My wife was telling me the other day that one of her friends has a husband with a real flatulence problem. Evidently, the guy just cuts loose at night when he’s sleeping, and fouls up their bedroom. My wife was telling me that her friend deals with this problem by lighting candles in the room, which, supposedly, burn off the methane and “cleans” up the air.
Has anyone ever heard of something like this? It seems rather incredulous to me that a couple of candle flames would be able to clean the foul smell out of the air.
Wouldn’t that work by masking with another smell rather than by burning off?
I have found striking a match quite effective at making air in badly ventilated toilets more agreeable. That works quickly, surely more quickly that the time it would take for a lot of air to pass the flame.
Farts are methane, basically, and they are flammable. So my WAG would be that a candle would burn off the fart particles in the air. I had roommates who would keep a canlde or two on top of the toilet, just in case.
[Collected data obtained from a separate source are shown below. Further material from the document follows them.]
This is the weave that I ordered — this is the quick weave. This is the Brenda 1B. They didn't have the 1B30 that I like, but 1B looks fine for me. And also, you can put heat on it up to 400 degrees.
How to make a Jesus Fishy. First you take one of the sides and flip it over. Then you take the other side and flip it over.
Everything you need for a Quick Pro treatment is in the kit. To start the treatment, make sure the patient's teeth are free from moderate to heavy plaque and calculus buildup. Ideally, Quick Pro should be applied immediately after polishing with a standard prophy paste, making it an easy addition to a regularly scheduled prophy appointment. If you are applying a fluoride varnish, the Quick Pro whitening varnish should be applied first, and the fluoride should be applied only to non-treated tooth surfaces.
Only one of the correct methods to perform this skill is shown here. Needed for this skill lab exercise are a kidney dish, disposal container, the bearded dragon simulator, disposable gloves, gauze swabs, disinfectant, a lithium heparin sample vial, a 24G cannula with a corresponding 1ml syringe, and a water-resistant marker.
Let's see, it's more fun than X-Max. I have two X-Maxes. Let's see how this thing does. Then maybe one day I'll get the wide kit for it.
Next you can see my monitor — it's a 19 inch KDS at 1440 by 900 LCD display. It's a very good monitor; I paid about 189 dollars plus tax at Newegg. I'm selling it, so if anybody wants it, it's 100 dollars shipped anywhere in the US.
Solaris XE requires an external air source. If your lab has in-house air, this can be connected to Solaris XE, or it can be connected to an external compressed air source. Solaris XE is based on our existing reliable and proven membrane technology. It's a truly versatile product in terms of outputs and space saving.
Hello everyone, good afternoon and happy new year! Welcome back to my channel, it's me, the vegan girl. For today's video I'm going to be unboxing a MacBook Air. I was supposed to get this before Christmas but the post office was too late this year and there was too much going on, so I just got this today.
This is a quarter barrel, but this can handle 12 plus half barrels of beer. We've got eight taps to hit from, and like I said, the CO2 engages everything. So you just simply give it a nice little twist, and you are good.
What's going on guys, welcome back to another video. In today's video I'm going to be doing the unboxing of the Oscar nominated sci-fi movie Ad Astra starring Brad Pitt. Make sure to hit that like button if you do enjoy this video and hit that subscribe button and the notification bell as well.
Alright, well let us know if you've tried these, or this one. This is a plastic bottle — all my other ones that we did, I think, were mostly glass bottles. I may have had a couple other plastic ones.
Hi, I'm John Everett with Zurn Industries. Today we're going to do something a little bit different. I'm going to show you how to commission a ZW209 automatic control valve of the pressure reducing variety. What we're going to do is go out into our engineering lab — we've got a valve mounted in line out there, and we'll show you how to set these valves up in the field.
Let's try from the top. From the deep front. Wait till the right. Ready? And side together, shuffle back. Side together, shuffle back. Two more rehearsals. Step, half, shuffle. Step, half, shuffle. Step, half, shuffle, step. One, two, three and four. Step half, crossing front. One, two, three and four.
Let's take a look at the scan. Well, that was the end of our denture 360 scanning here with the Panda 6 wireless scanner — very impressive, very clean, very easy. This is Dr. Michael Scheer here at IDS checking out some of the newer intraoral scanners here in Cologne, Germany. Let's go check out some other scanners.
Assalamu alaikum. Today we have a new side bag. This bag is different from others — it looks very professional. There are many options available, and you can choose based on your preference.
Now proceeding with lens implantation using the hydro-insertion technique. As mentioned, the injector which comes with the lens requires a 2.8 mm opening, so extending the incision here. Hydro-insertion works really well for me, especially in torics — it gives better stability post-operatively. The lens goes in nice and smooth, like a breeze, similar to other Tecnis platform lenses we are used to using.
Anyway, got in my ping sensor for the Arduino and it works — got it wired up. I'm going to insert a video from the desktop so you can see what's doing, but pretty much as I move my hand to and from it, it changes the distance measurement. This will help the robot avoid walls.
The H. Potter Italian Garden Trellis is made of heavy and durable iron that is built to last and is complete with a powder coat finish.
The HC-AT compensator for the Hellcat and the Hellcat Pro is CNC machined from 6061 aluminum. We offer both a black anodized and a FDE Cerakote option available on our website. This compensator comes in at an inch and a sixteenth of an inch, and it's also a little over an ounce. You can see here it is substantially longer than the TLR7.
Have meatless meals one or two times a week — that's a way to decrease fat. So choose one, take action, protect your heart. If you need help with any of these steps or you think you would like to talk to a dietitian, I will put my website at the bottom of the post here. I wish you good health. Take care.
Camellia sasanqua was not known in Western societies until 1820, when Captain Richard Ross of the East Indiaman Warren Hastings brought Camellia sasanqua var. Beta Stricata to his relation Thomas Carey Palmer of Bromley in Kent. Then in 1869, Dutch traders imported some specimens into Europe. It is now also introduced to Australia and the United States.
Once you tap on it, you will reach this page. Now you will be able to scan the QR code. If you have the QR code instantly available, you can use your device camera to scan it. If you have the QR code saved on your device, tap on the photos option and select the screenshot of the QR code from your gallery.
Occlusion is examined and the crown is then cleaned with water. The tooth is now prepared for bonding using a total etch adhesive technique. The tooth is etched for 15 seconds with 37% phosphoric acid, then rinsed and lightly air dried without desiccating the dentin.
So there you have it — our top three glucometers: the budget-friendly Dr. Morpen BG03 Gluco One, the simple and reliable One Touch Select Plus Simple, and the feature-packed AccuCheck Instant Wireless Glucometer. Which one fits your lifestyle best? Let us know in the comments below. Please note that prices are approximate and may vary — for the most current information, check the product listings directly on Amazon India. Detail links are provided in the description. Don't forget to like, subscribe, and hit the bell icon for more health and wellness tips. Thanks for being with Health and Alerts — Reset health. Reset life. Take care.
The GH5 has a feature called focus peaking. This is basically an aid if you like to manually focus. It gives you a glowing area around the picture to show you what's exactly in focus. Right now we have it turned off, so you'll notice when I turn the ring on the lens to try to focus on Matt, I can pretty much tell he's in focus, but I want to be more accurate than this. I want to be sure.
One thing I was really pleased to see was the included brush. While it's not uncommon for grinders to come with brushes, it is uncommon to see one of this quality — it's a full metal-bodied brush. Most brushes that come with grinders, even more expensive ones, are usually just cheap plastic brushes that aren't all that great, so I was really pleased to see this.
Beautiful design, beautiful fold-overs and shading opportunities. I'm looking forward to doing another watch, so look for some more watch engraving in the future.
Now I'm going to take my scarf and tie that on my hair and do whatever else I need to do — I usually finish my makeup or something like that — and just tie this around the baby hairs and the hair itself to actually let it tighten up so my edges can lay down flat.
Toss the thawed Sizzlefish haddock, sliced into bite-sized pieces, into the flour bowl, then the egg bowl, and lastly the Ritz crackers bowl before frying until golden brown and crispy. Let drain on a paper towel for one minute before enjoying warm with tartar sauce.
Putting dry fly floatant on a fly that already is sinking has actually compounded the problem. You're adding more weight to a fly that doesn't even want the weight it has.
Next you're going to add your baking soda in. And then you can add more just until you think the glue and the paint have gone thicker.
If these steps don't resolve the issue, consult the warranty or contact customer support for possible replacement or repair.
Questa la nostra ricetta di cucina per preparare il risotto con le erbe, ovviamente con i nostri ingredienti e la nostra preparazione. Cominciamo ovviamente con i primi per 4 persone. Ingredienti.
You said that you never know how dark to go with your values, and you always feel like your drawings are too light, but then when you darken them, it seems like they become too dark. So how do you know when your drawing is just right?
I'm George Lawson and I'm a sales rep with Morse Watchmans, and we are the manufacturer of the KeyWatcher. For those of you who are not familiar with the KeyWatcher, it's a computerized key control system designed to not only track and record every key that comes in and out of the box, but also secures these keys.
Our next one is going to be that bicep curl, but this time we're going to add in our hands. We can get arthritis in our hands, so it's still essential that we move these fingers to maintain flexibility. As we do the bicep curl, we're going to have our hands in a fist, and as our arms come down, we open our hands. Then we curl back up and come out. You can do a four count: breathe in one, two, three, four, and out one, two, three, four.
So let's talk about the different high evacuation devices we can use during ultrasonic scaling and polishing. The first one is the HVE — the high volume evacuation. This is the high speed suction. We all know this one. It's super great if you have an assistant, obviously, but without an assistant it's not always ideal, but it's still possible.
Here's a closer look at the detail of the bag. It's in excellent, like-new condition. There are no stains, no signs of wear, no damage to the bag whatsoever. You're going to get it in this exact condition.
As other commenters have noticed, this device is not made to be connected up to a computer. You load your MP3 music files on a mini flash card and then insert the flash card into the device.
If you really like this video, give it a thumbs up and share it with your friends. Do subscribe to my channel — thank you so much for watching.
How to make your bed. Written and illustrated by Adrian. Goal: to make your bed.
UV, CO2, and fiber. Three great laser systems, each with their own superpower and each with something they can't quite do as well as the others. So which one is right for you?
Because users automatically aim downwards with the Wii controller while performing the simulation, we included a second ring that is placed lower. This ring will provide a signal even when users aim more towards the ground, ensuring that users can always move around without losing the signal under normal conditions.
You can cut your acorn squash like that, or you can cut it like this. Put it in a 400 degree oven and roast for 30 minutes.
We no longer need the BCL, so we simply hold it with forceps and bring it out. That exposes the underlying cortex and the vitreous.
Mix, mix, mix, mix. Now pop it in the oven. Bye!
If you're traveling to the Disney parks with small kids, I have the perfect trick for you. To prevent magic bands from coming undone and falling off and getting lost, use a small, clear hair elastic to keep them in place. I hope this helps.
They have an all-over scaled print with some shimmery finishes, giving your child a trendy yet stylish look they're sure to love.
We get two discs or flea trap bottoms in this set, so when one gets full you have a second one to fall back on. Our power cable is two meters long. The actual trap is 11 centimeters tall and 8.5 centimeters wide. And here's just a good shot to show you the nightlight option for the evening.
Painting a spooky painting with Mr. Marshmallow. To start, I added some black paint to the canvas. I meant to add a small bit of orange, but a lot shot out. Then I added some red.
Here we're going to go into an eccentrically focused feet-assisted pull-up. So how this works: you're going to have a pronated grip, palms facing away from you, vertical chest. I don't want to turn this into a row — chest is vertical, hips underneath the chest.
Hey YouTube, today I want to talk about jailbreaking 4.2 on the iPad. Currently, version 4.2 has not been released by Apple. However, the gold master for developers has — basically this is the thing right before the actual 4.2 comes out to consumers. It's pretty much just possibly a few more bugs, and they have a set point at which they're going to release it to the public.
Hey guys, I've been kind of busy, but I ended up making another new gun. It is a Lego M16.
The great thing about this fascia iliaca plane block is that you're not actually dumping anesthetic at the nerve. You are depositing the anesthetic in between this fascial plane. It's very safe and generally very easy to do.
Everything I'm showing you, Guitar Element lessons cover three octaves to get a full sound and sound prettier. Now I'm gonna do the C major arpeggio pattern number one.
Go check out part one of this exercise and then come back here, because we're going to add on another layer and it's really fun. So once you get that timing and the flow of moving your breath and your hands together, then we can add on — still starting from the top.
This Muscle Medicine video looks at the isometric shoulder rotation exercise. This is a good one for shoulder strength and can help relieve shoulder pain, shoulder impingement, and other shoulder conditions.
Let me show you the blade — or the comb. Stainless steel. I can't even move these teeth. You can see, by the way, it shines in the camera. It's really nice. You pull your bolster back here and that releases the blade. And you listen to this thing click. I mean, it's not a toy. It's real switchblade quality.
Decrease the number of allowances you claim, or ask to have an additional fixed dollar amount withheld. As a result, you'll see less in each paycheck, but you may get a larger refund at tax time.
Also there is a popular collequism (spelling?) that is basically “(when you’re finished in there) Light a match!”
Methane is odorless, so even if you burned it with candles (which is doubtful) it wouldn’t do much to improve the smell. Lighting a match in a bathroom apré merde just disguises the fart smell with the more pungent odor of burning sulphur.
WAG - fire burns off methane which helps release chemical bonds of other substances that give farts their odor? Less the methane, the odor dissipates faster.
My son, being the American Teen Male that he is, thinks farts are hilarious entertainment, so I have become quite the expert. Candles do nothing, lighting and immediately extinguishing a match works wonders. Of course, if you don’t like the odor of struck matches this won’t help. And, like Road Rash pointed out, sleeping with lit candles is foolhardy.
Oops. left out this thought: If the effectiveness of lighting anything was due to it “burning off” the methane, wouldn’t this only work if the fart and the flame were in immediate proximity?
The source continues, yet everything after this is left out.